New York to Dallas (In Death #33)(19)



He waited a beat. “I want everything you’ve got, and now, including your preliminary reports and findings on your internal investigation. Thirty seconds,” Whitney repeated when Greenleaf looked at Spring for guidance. “Don’t test me again.”

Spring opened her briefcase. “Permission to speak,” she said, in bitter tones.

“No. Put the files on my desk, then get out. Both of you. If all the data required and requested is not within those files, Greenleaf, you’re going to need a lawyer, as is your superior. Feel free to pass that information along to him.”

Spring laid a disc bag on Whitney’s desk, then shook her head when Greenleaf started to speak again. She turned on her fancy heels, strode out with her client scurrying after her.

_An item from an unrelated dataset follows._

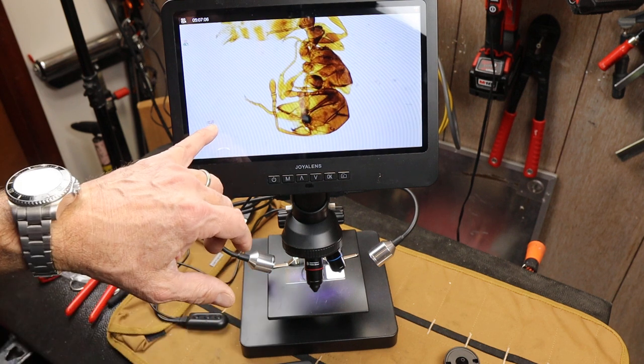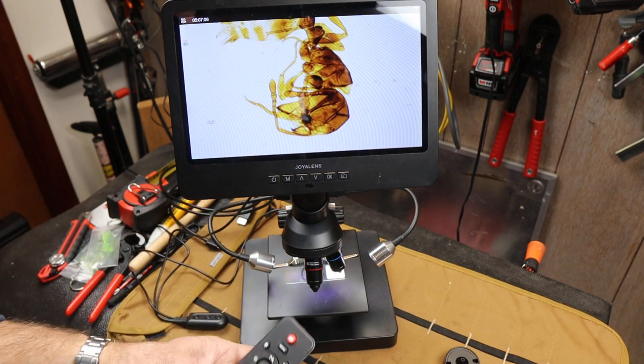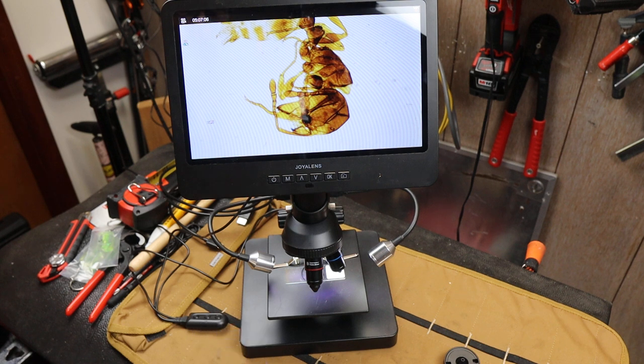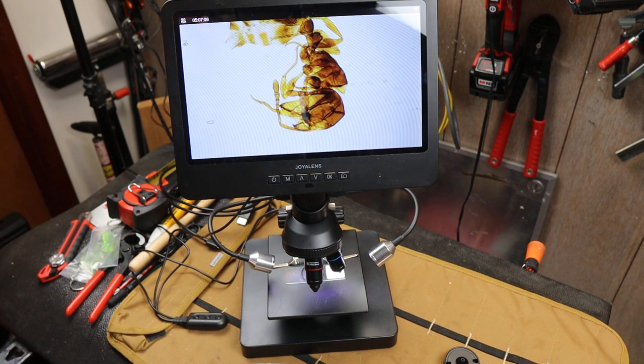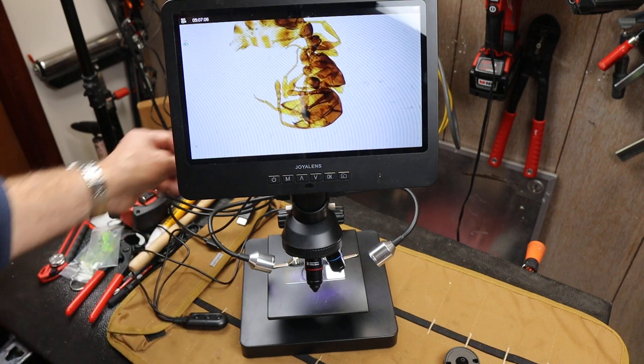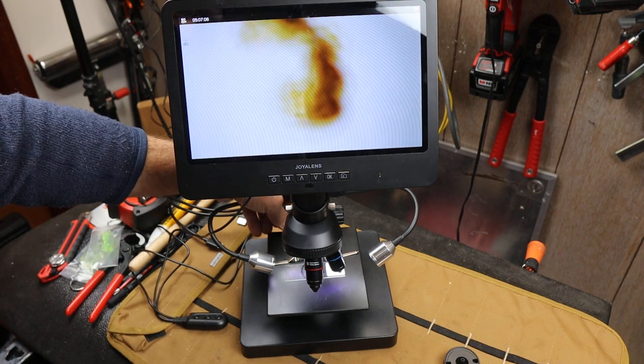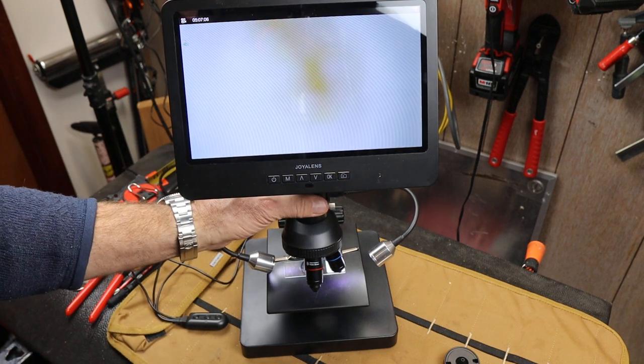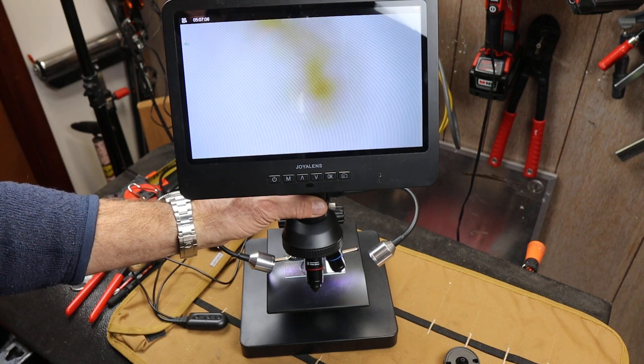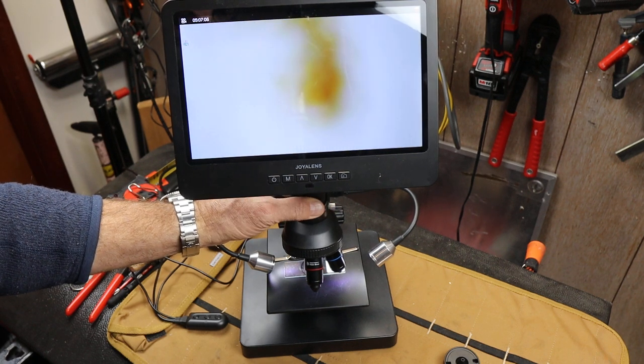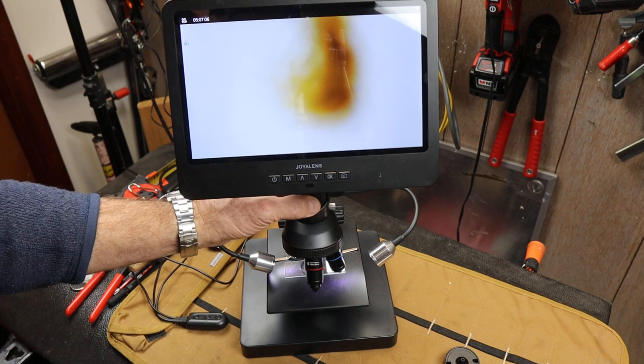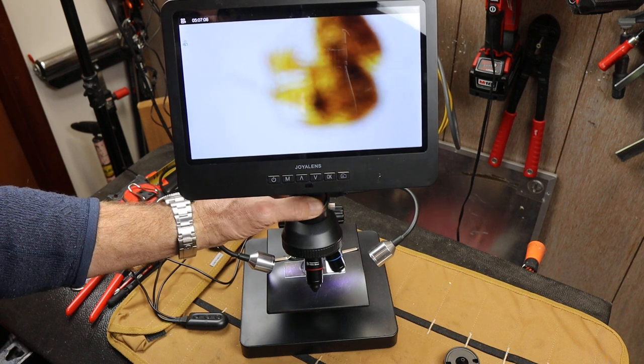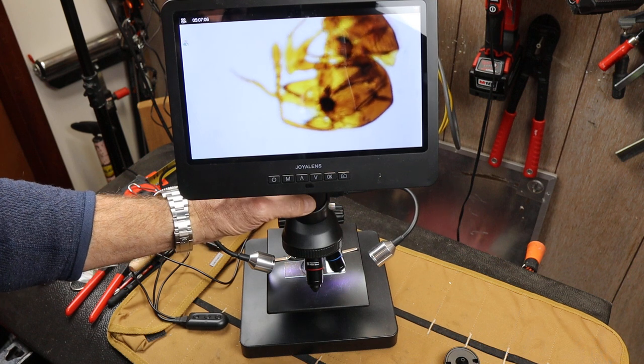Now I am at 1.6x, so I can back off and make this even sharper. I'll go down, there's 1x, but I can bring this up and then refocus here. Check that out.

For a moment, there was absolute silence.

Throughout the ass-kicking, Laurence sat, silent and still. His face put Eve in mind of some African chieftain. Handsomely carved, fiercely stoic.

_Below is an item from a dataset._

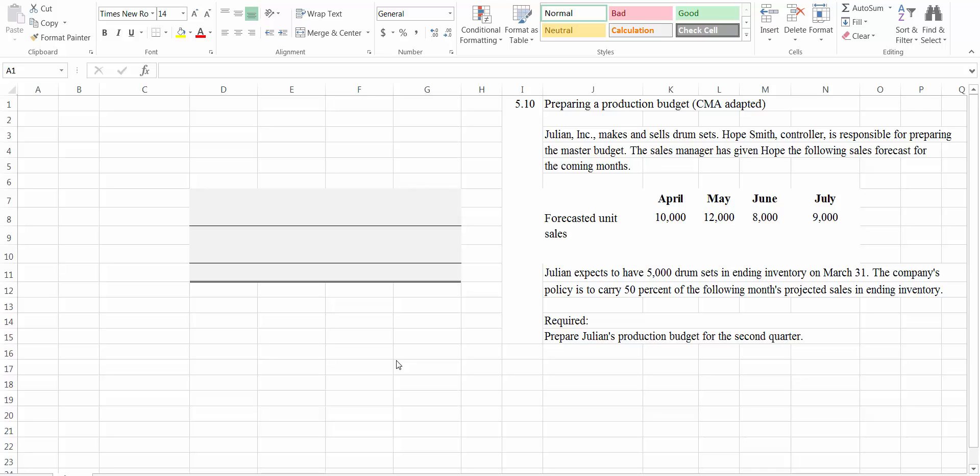Hello and welcome to this managerial accounting video where we will practice preparing a production budget. We will be using the problem shown on this screen, which is exercise 5-10 in the managerial accounting textbook by Davis and Davis, the second edition. If you don't have the data handy, you might pause the video and print the screen.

Now, a grin spread over those sculpted planes and angles. “It’s inappropriate,” he said, “but I really want to applaud. One question, Commander, would you have done it? Gone public?”

“Lieutenant Dallas?” Whitney glanced at her. “Would I?”

“You gave them more time than you wanted, than was necessary. They showed no genuine concern for endangering the public, or even for the murder of an employee in their facility. They decided they’d run the show—and illustrate it by being deliberately late to this meeting, and continuing to stall on the results of their internal. Had it been necessary, you would have gone to the media and roasted them. As it is, I believe you’ll use whatever influence and contacts you have to see that Greenleaf, his lawyer, and his superior have their contracts canceled.

“In my opinion, Commander.”

“Lieutenant Dallas has just given you a brief demonstration of why she’s one of the most valuable assets of the NYPSD. She observes, deduces, and reports with accuracy.”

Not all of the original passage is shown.